Narcissus and Echo
"Ontological exploration is centred on physicality. The body and with it, aesthetics, is disruptive and transgressing of organised social systems. As such, art has the capacity to challenge order, reason and collective ideals."
One then witnesses an erotic scene between Narcissus and his double, all woven with impossible embraces, missed kisses, deluded contacts. With the eye, the mouth is the main organ of amorous longing, like the skin that is frustrated by a "thin film of water" that keeps them apart.
At last the moment of understanding is at hand. After many frustrations, Narcissus gathers that he is, actually, in a world of "signs": "You nod and beckon when I do, your lips, it seems, answer when I am talking though what you say I cannot hear." The exertion for deciphering leads him to knowledge, to self- knowledge. "He is myself! I feel it, I know myself now."
We have reached the crux of the drama: "What shall I do?... What I want is with me, my riches make me poor. If I could only escape from my own body!"
The tragedy reaches a higher level when Narcissus, at the moment when his tears disturb the pool, realizes not only that the loved image is his own, but furthermore that it can disappear -- as if he had thought that, for want of touching, he could nevertheless be satisfied with contemplation alone ("let me keep looking at you always"), which has henceforth also become impossible.
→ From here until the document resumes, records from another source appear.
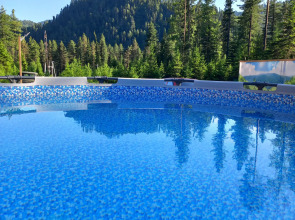 Гостевой дом Еловый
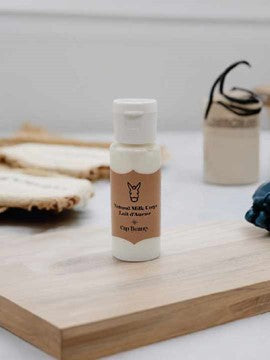 Natural Milk corps au Lait d'Ânesse - 25ml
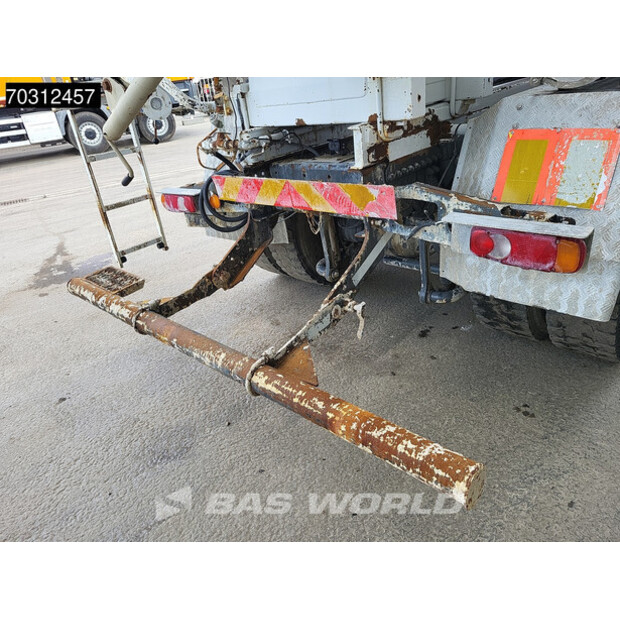 2016 Mercedes-Benz AROCS 3240-46069977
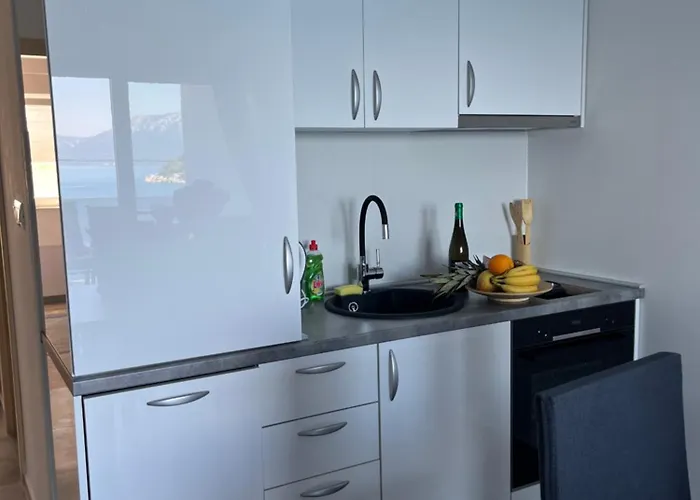 San Giovanni Apartment Blace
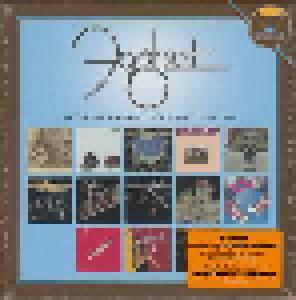 Foghat: Complete Bearsville Albums Collection, The - Cover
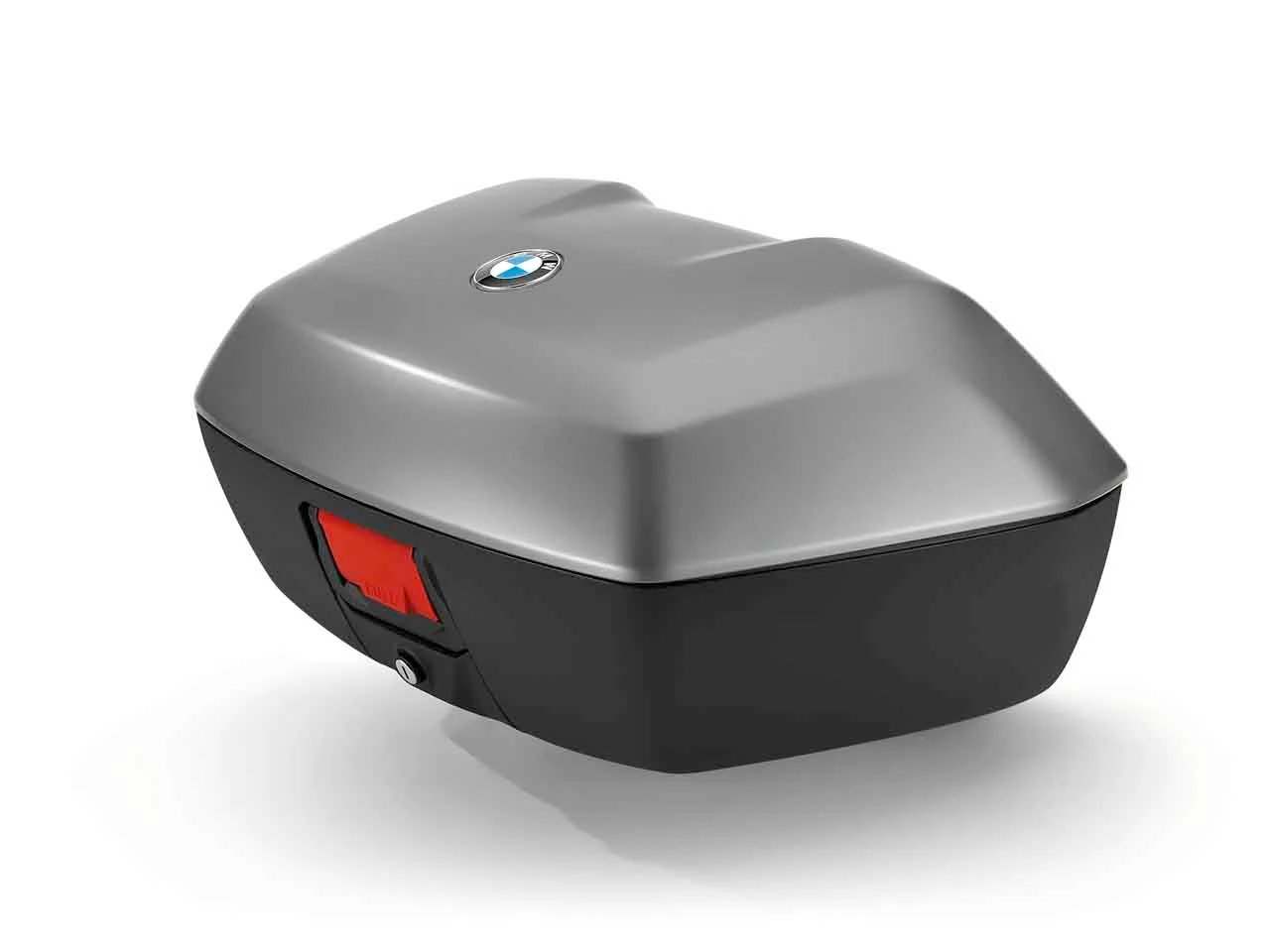 BMW Außenschale Topcasedeckel granitgrau K49 K50 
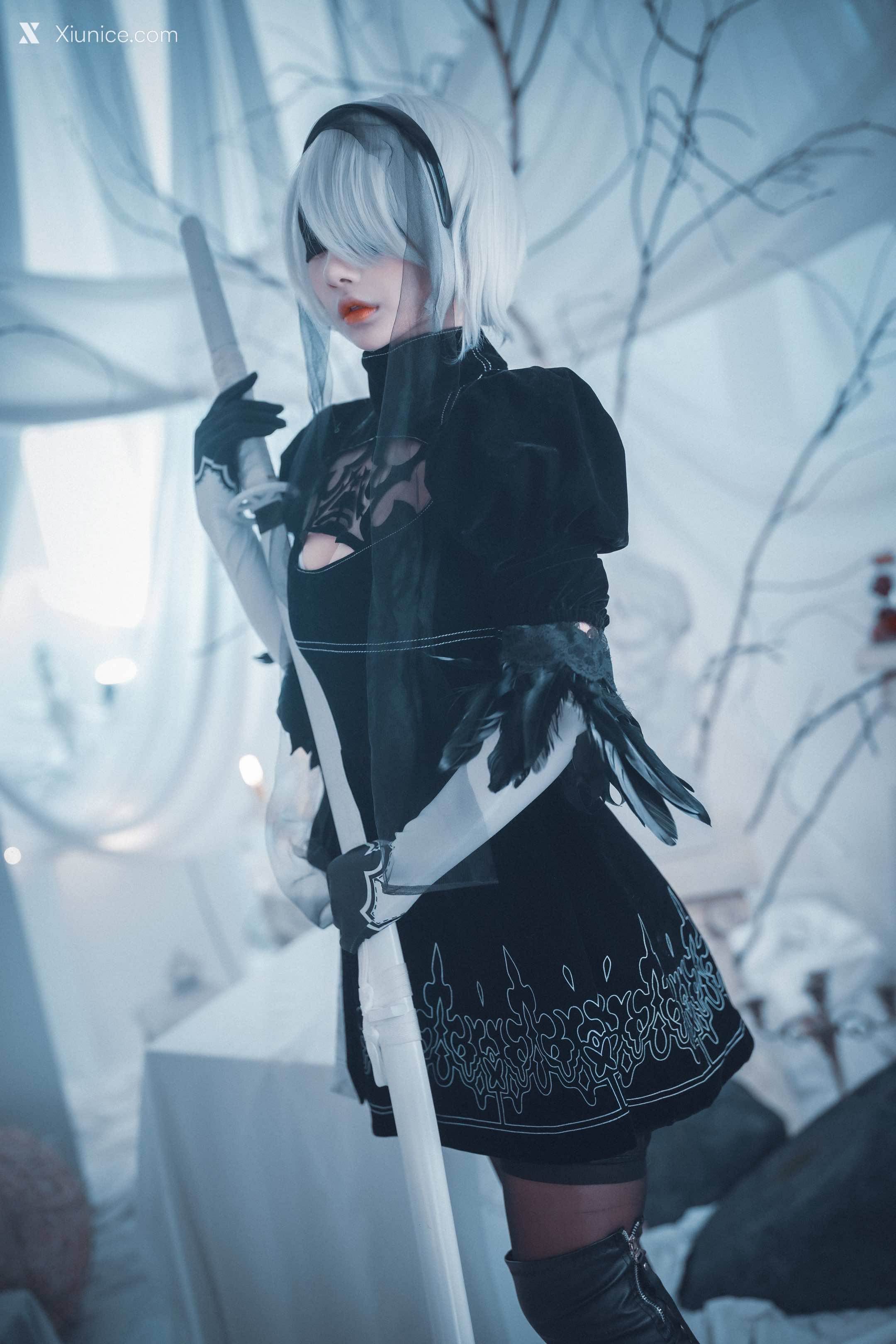 DJAWA Photo – Zzyuri (쮸리) – 2B 第9张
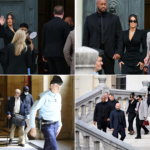 Kim Kardaşyan haqqında qəribə məhkəmə qərarı – 1 avro kompensasiya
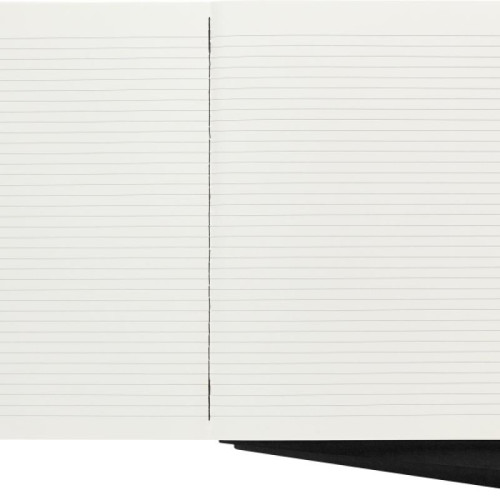 Zestaw 3 Zeszytów MOLESKINE Cahier Journals XL (19x25cm) w linie, 120 stron, czarny-C:\ProgramData\e-mo.pl\Action2sklep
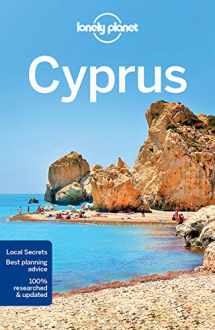 9781786573490-1786573490-Lonely Planet Cyprus (Travel Guide)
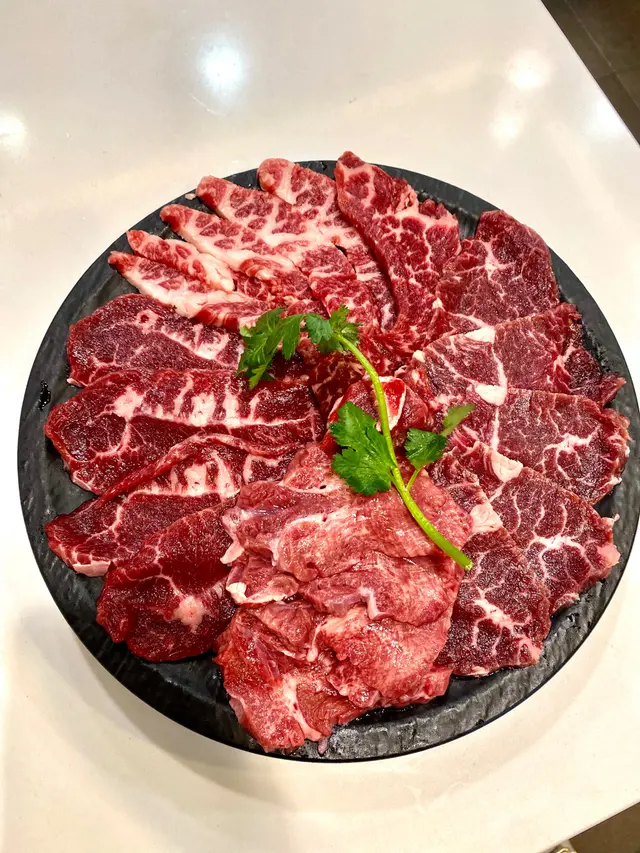 牛肉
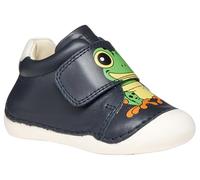 Geox Baby Boy B TUTIM C Crawl Navy/Green 23_EU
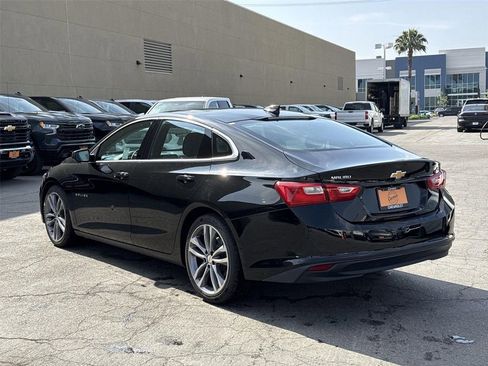 Used 2023 Chevrolet Malibu LT image 4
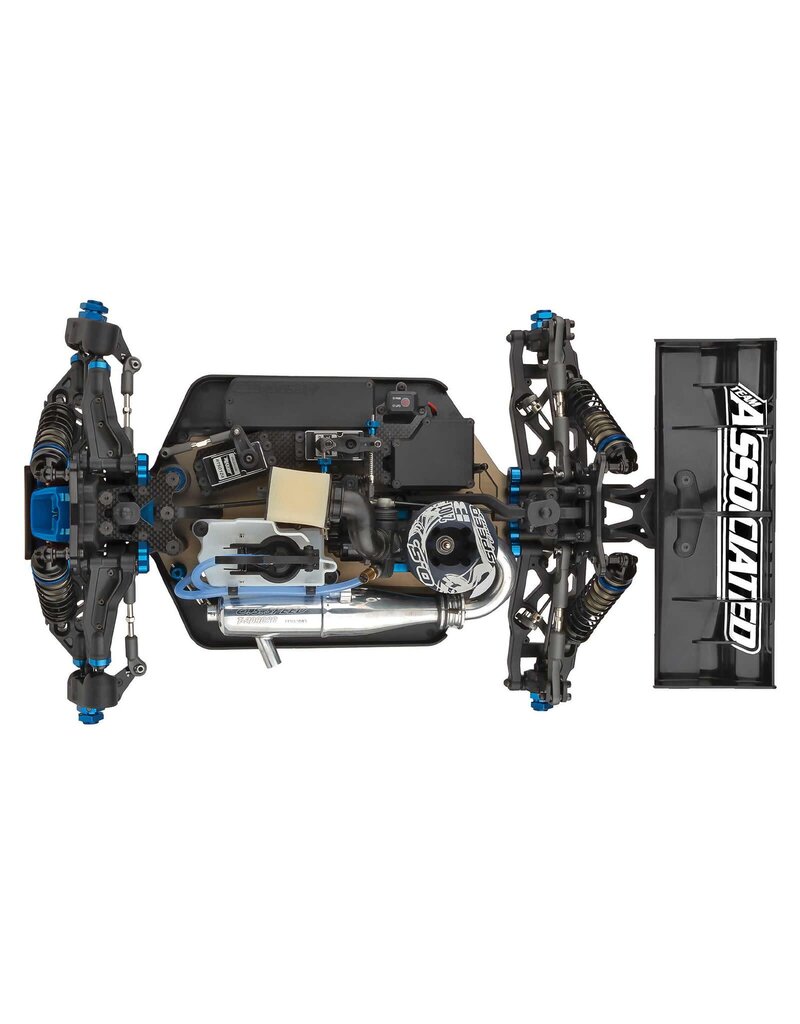 TEAM ASSOCIATED ASC80949 RC8B4.1 TEAM KIT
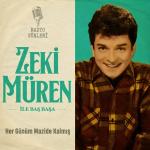 poster Ne Yeşili Ne Siyahı Zeki Müren ile Baş Başa - Her Günüm Mazide Kalmış (Radyo Günleri)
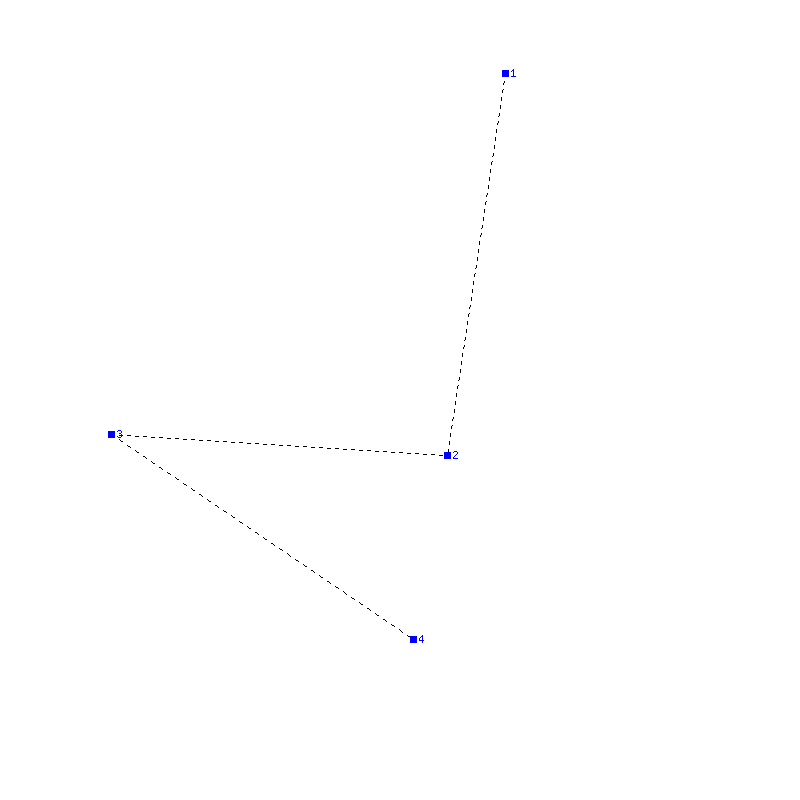 Flugauswertung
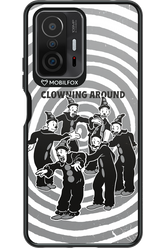 Glowing Around - Xiaomi Mi 11T Pro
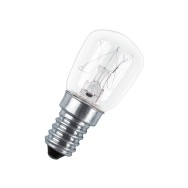 Ledvance/Osram Lampadina A Incandescenza E14 15W 85Lm 2700K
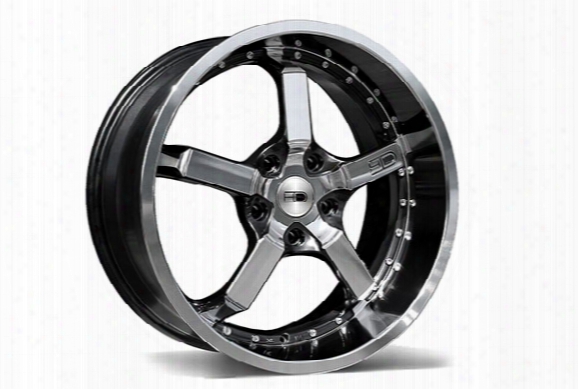 Hd Wheels Cd20 Wheels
In desperation he "beat his bare breast with hands as pale as marble"; and so Narcissus dies at the edge of his image and Ovid adds, "Even in Hell he found a pool to gaze in, watching his image in the Stygian waters;" When mourners, whose lamentations Echo repeats, prepare the funeral pile and seek his body, "they found nothing." Through a strange resurrection, the narcissus flower has taken his place.